What is being asked: The lines below, from the first through the one containing "Reunion Apartment |", are to be given again exactly, with pictures left out and nothing added.
'''
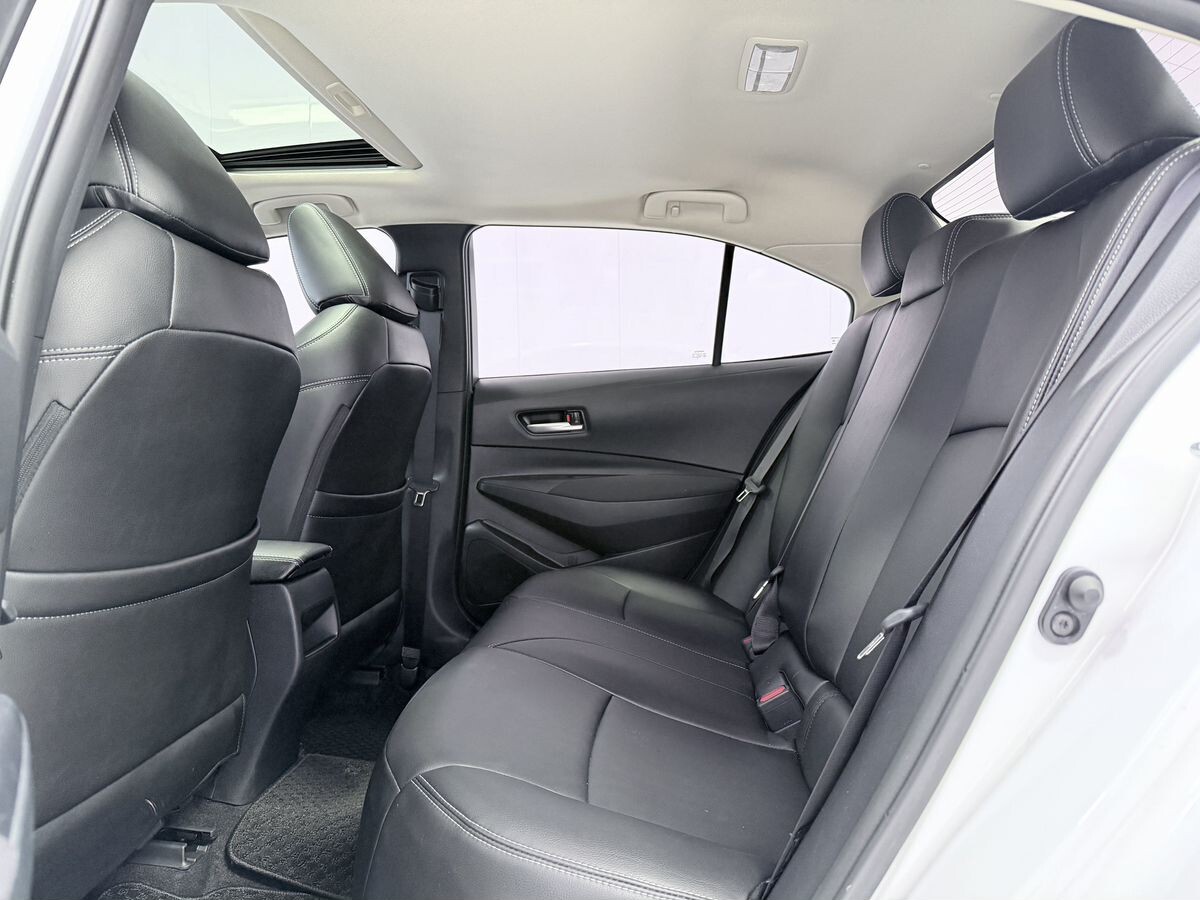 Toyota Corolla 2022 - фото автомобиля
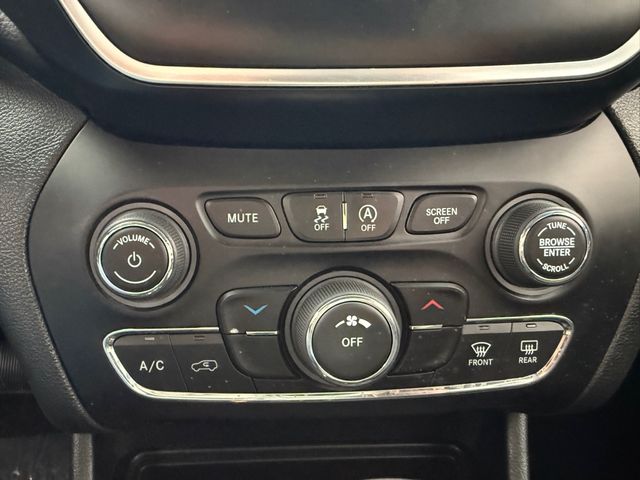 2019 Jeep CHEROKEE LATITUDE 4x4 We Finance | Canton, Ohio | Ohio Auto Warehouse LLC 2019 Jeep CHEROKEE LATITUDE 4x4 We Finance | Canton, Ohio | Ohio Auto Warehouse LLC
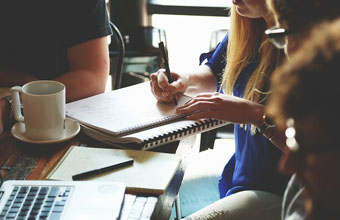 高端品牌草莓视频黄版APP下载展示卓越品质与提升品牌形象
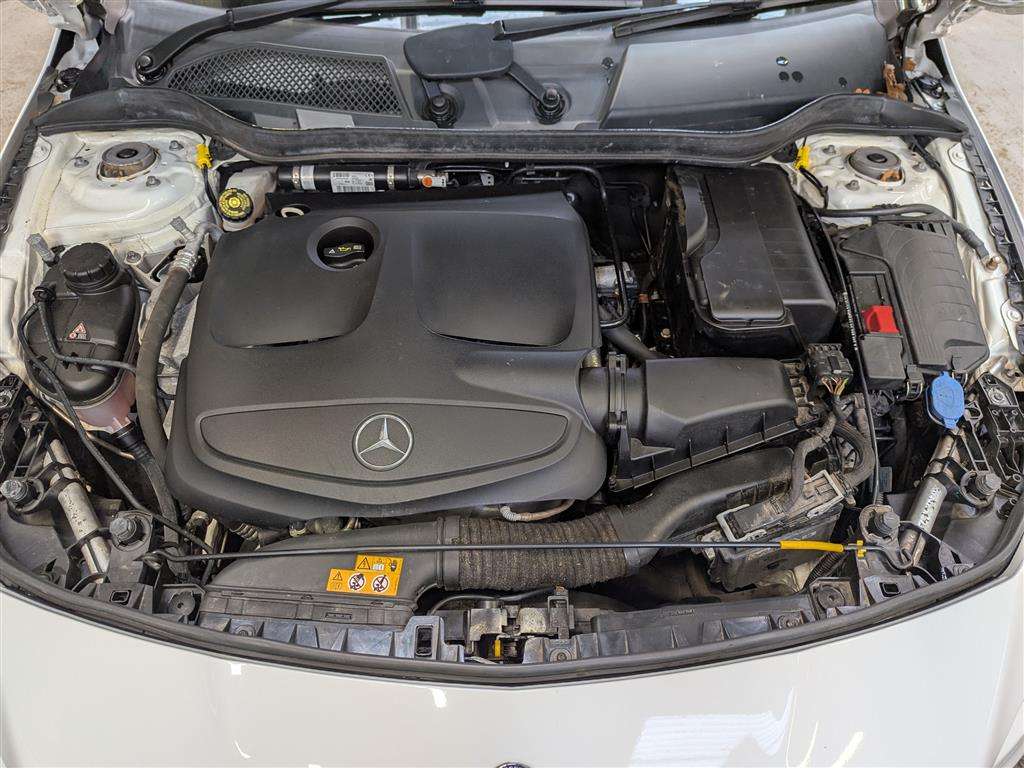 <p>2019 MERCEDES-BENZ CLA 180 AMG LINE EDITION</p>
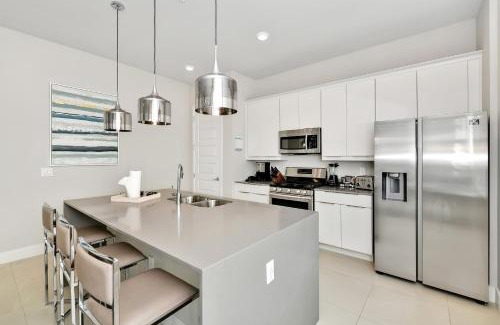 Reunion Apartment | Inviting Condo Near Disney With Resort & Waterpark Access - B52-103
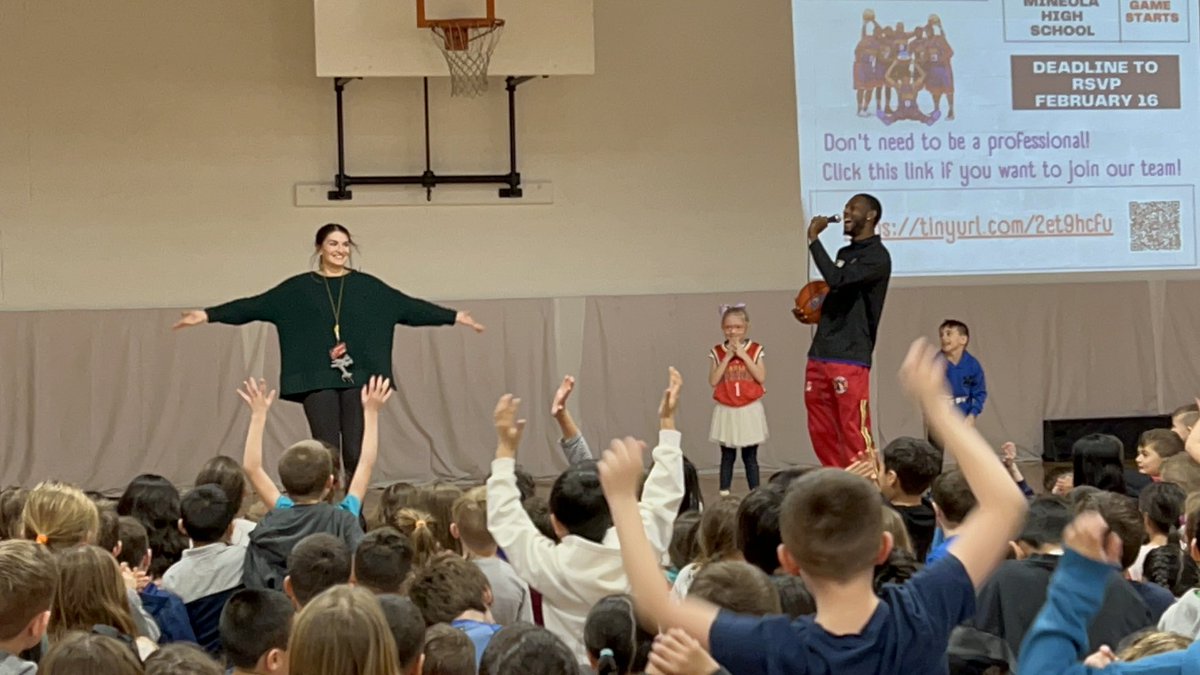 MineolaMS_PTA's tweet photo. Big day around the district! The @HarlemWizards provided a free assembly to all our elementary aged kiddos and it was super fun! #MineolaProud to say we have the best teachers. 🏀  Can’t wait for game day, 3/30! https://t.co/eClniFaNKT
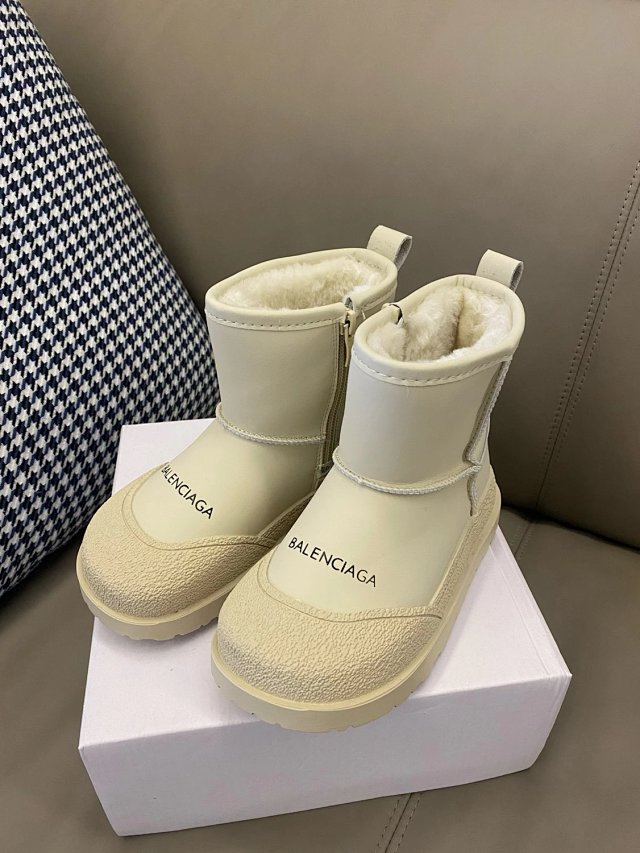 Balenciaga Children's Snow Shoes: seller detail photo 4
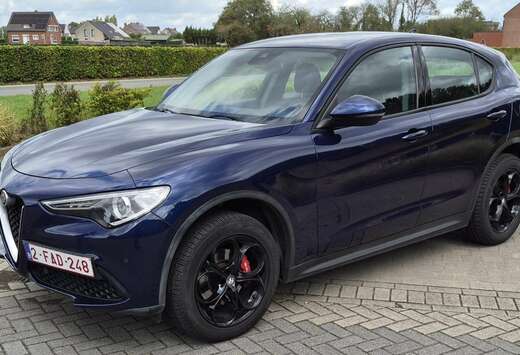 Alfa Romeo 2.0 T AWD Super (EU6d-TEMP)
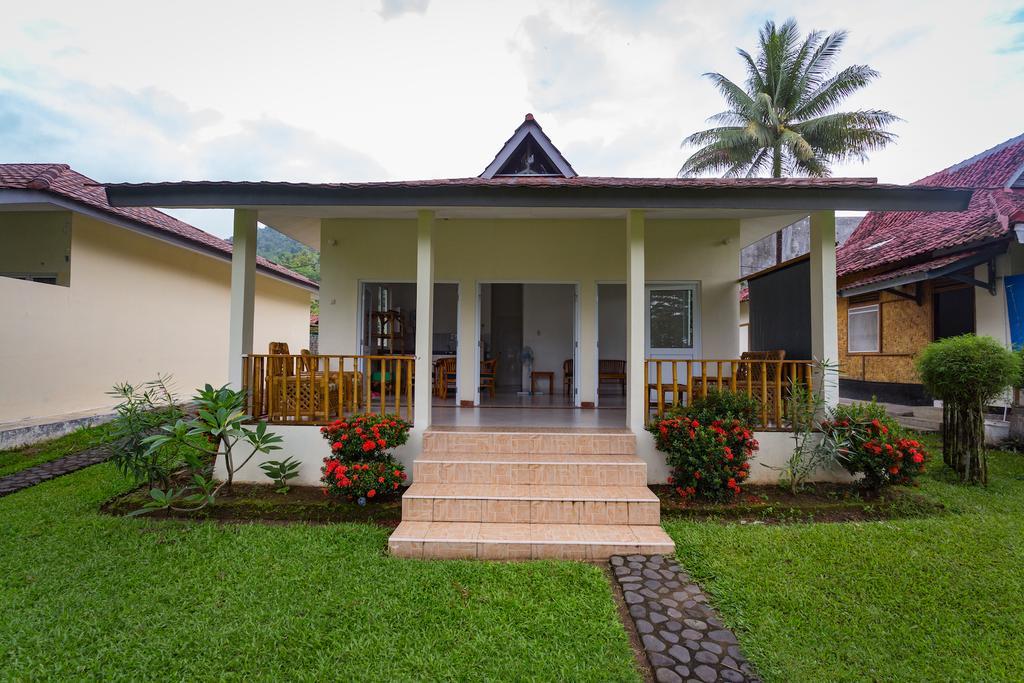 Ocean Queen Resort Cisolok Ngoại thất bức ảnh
'''
Response to the exercise:
 Toyota Corolla 2022 - фото автомобиля
 2019 Jeep CHEROKEE LATITUDE 4x4 We Finance | Canton, Ohio | Ohio Auto Warehouse LLC 2019 Jeep CHEROKEE LATITUDE 4x4 We Finance | Canton, Ohio | Ohio Auto Warehouse LLC
 高端品牌草莓视频黄版APP下载展示卓越品质与提升品牌形象
 <p>2019 MERCEDES-BENZ CLA 180 AMG LINE EDITION</p>
 Reunion Apartment | Inviting Condo Near Disney With Resort & Waterpark Access - B52-103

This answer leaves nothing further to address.